(Captioned web image data)
- Opening Delimiter -

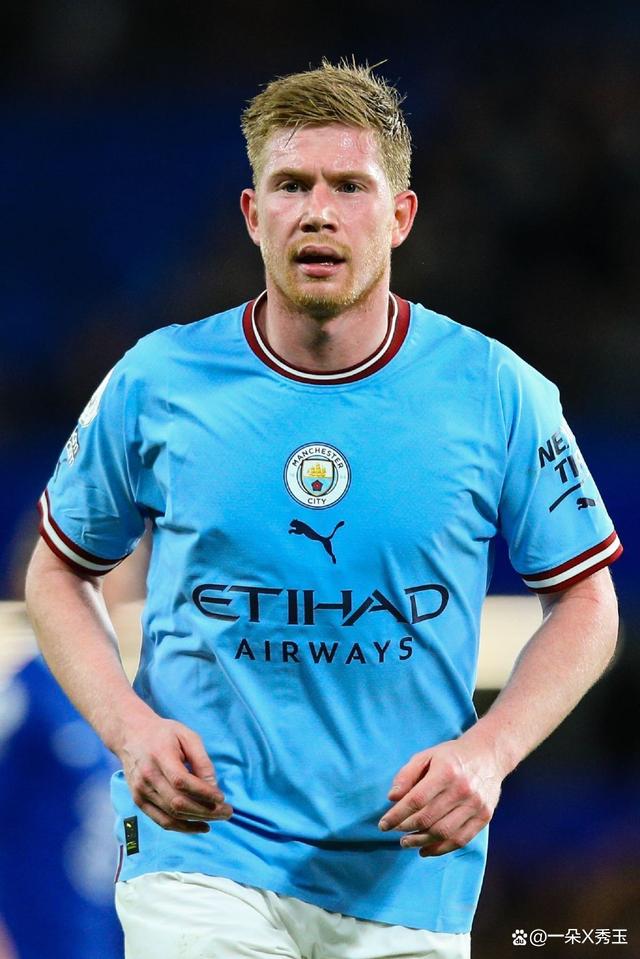 射雕手游剑飞110古碑林立攻略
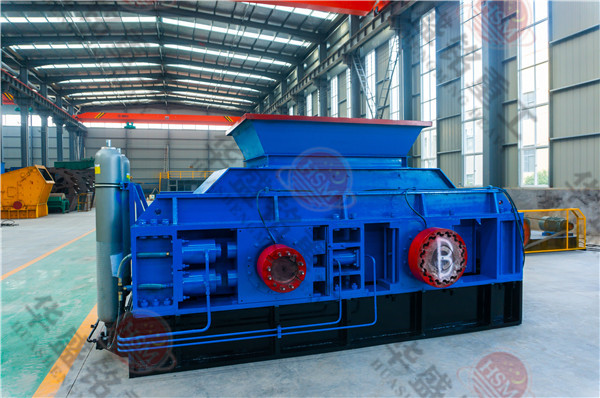 ����ʯ����ɰ�C�����P�C��ԭ������Щ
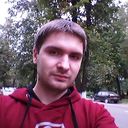 ���������� �����-���������, ���� ������� ������, 33 ����, ������������ ��� ����� � ���������, c�������� ���������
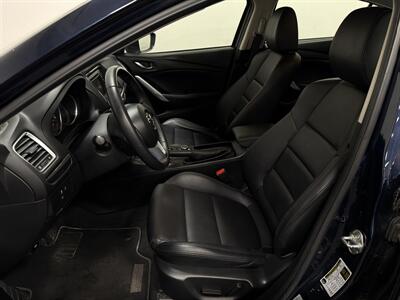 2015 Mazda Mazda6 i Touring   - Photo 15 - West Bountiful, UT 84087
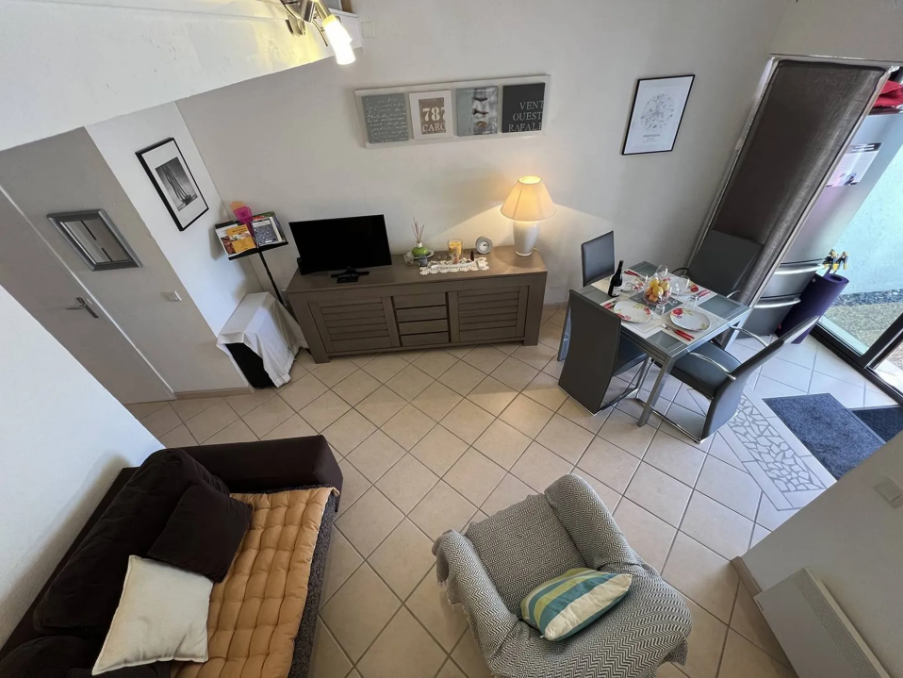 Villa-Le-Barcares-REF1478523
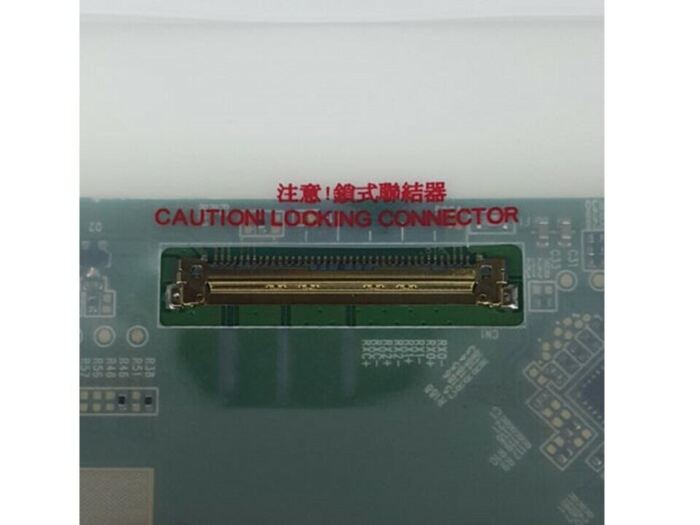 LTN156AT32-T01 for Toshiba LCD Screen Replacement for Laptop New LED - Image 7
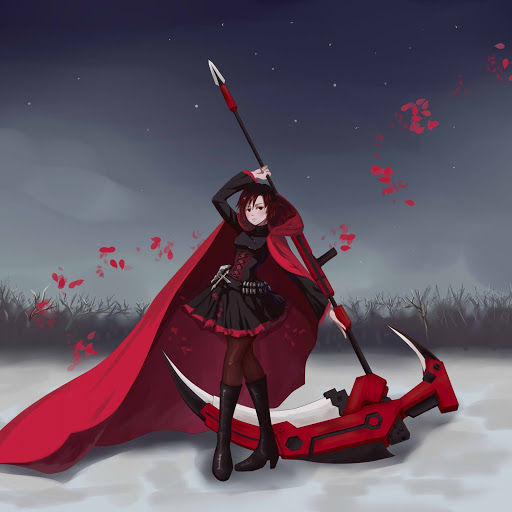 Hd-173455-ascw173455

- Closing Delimiter -

_THE PROBLEM_:
Leaving aside the images, write out every entry above exactly.

_EXERCISE SOLUTION_:
 射雕手游剑飞110古碑林立攻略
 ����ʯ����ɰ�C�����P�C��ԭ������Щ
 ���������� �����-���������, ���� ������� ������, 33 ����, ������������ ��� ����� � ���������, c�������� ���������
 2015 Mazda Mazda6 i Touring   - Photo 15 - West Bountiful, UT 84087
 Villa-Le-Barcares-REF1478523
 LTN156AT32-T01 for Toshiba LCD Screen Replacement for Laptop New LED - Image 7
 Hd-173455-ascw173455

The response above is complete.